Where properly developed, a school's library is already the hub for networking and information access. As the learning commons concept grows, a school library's collection-based facilities will continuously change and expand, creating access-based services suited to the needs of a school community. This process will mean changes in the operations of a school's library. Resource collections will need to be reshaped even more rapidly and readily than currently to reflect their communities as well as the world at large. It is the only way for a library's access to the global, interconnected, and interactive communication networks of the future.

Every member of a school's population will ultimately participate in the creation of a learning commons, but the concept's early coordination and leadership will rest with school library expertise. In working together, teacher-librarians in partnership with others can modify the process, content, product, and environment to meet the needs of a diverse student population. The result will be empowered learners. The learning commons model creates an ideal environment for the teacher-librarian to utilize teaching methods that allow for both formal and informal learning.

Recent research on academic libraries shows that students rely heavily on quiet, structured study spaces, especially when their living environments are noisy or crowded. Studies of late-night library use at multiple universities have found that students use these spaces primarily for focused academic tasks such as studying, writing, and preparing for exams, and that access to quiet environments contributes to their productivity and academic confidence.

== Educational commons ==
Educational commons are conceptually related to learning commons but focus on the shared governance, open access, and collaborative creation of educational resources. Defined as the process of learning, transmission, and acquisition of knowledge, and methods of governing this process are collectively managed and co-constructed by the entire educational community.
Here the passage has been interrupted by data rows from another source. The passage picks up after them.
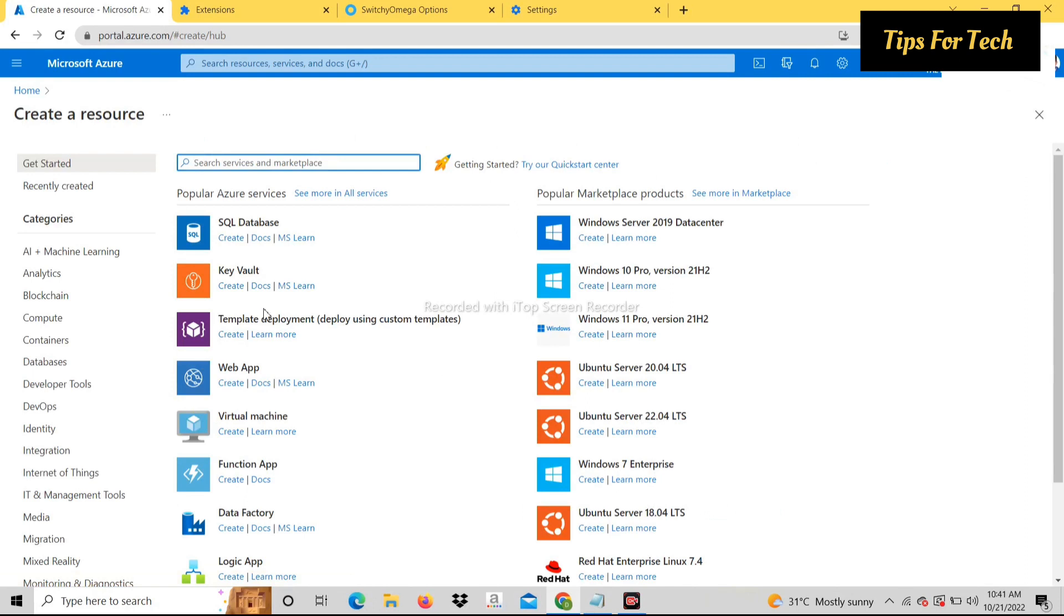Click on create a resource. After that select any one from this list. I select Windows 10 Pro.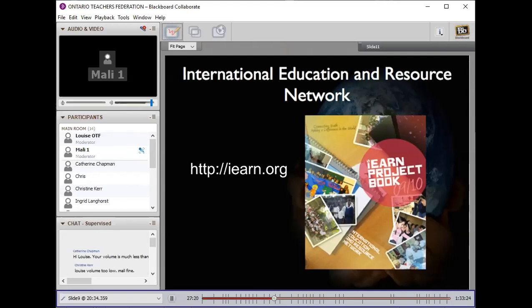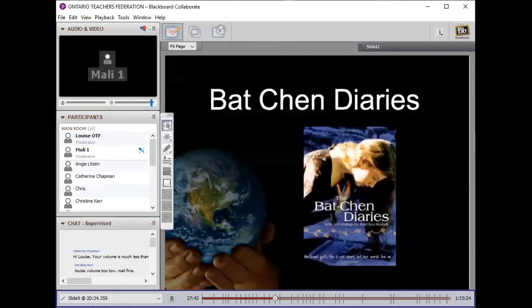As we go through some of these projects, you'll hopefully see how they fit into your narrative writing, or your grade six First Nations study, or even a grade six student working with a grade 12 student. You'll see how it can all sort of fit together. The first project I'm going to talk about is called the Bat-Chen Diaries. I'm just going to get a link for a short video that will explain who Bat-Chen is — the background is really important to the project.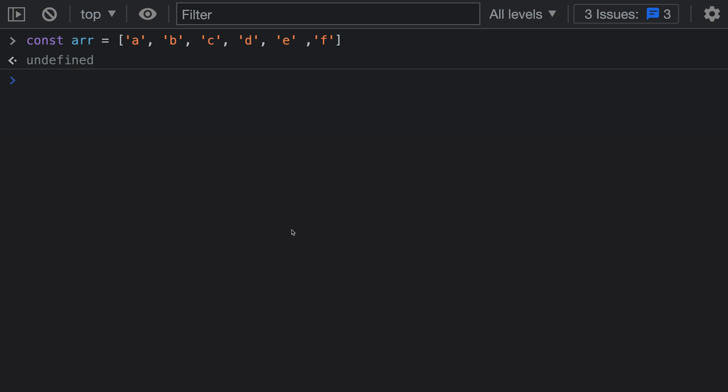The slice method in JavaScript lets you use negative numbers to specify where you start or end the slice. This can be useful when you want to reference something starting from the end of the array, such as removing the last couple of elements, or slicing to just get the last couple of elements in the array.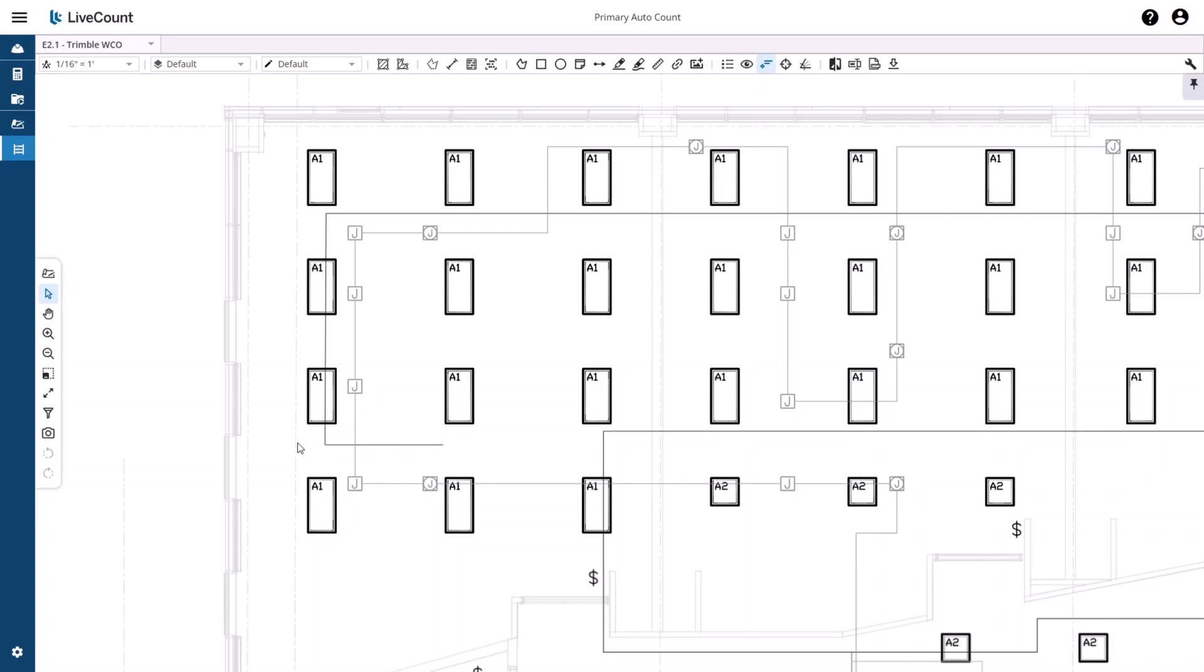This video will demonstrate how to perform a primary AutoCount search within LiveCount. To begin, first launch the drawing canvas and then click the AutoCount button in the top toolbar or use the associated keyboard shortcut.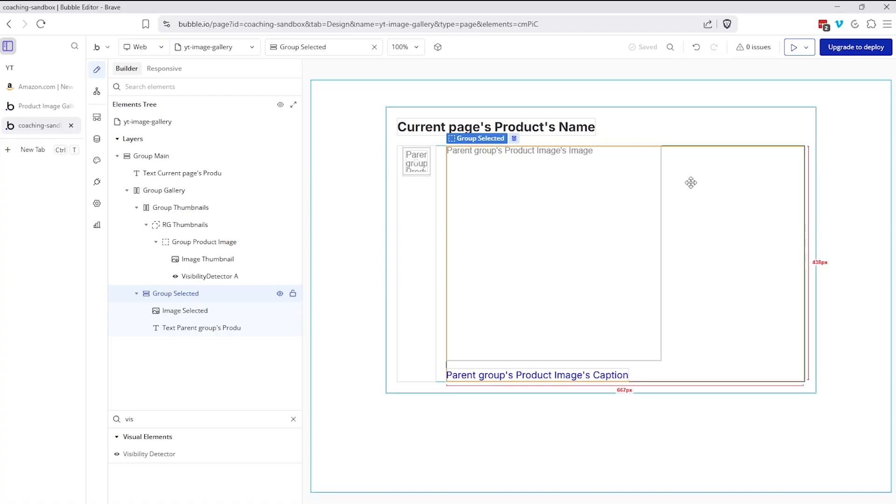And there you have it. That's a quick look at creating a product image gallery in your bubble app. I hope that was helpful. And if it was, don't forget to register for that free extended training over at coachingnocodeapps.com slash workshop. You'll get immediate access as soon as you register. And the link for that is in the description below. Happy building.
Whereas learning commons focus on the physical or virtual spaces where collaboration and resource-sharing occur, educational commons focus on the process and resources themselves such as textbooks, curricula, and digital learning materials, ensuring that they are freely available and co-managed by communities.
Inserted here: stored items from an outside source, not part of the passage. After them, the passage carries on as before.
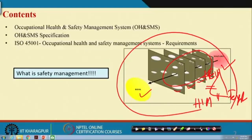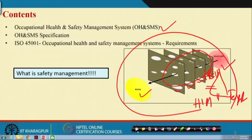How will you design it? How will you execute it? How will you maintain it? That is called the occupational health and safety management system.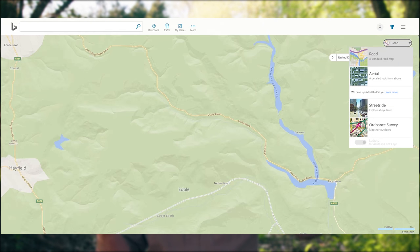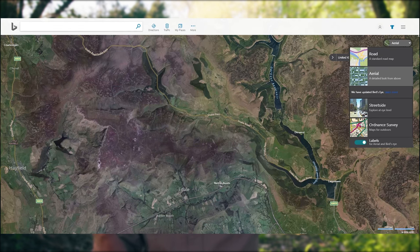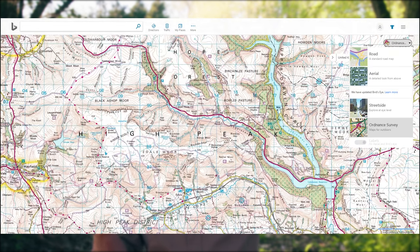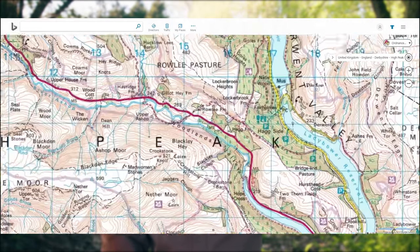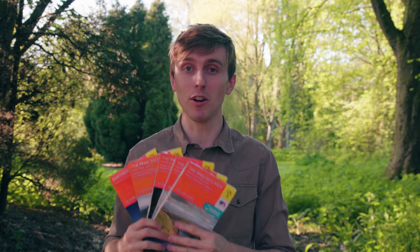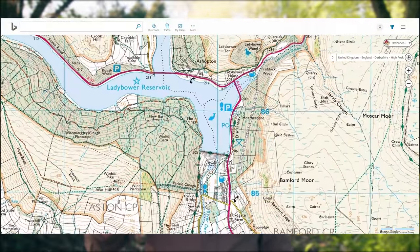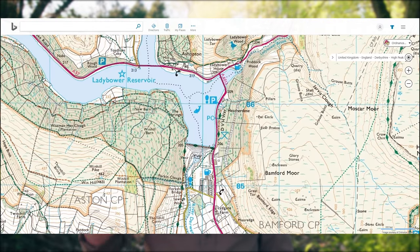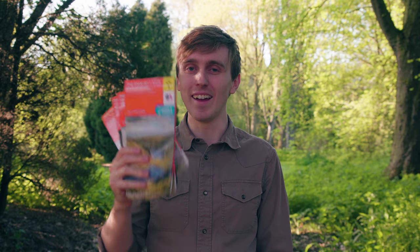They have a satellite view, and you can change the option to OS map and it's a total digital online version of this. You can custom make your own map by selecting the area if you know where you're going to be. Screenshot it, screenshot away, and then print it out and you've effectively got this in a bit of a DIY fashion. But it works.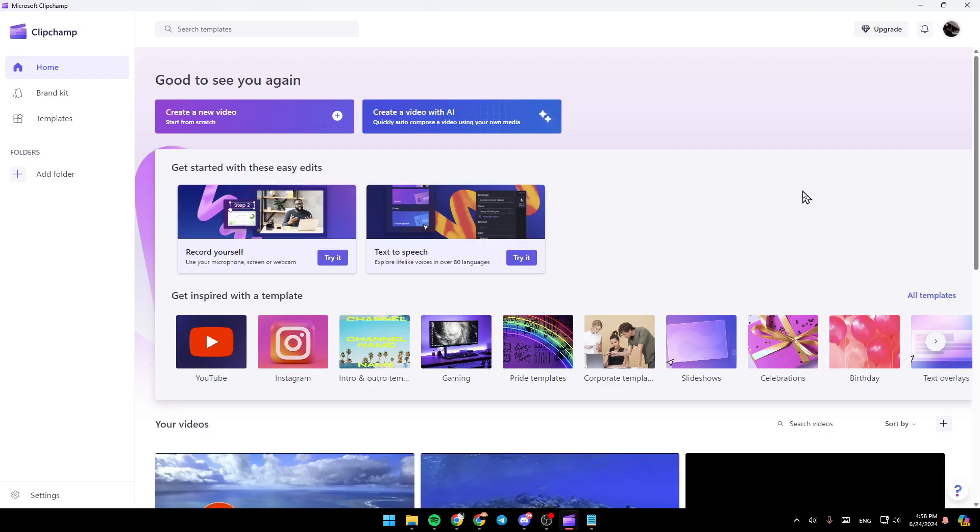As you can see, I'm right now in Microsoft Clipchamp, and this is how the homepage looks like. On the left side of your screen, you're going to find all of the sections. Here you're going to find the Home section, Brand Kit, Template, and Folders.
The educational commons framework builds on principles of open access and community participation, based on the work of Elinor Ostrom on commons-based resource management, in alignment with the goals of democratizing education and reducing systemic inequalities by treating knowledge as a shared public good rather than a private commodity.

The concept of educational commons complements the goals of learning commons by emphasizing the importance of collaboration in not just how resources are used but also how they are created and governed. Although both frameworks follow the principles of the commons in the educational and knowledge sector that aim for foster inclusivity, equity, and community engagement, educational commons focus more broadly on the systemic level of resource accessibility and management.

One of the key applications of educational commons is through open educational resources (OER), which are freely accessible teaching, learning, and research materials, often made available through online platforms. OER initiatives, such as those championed by UNESCO, aim to bridge the gap in educational access by removing financial and geographical barriers to learning. For example, in rural and underserved areas, OER can provide students and teachers with access to high-quality educational content without need for costly textbooks or proprietary software.

Examples of educational commons include:
- Open-access platforms like Khan Academy and OpenStax, which provide free educational materials to learners worldwide.
- Community-driven initiatives, in which local educators collaboratively develop and share curricula tailored to their region's needs.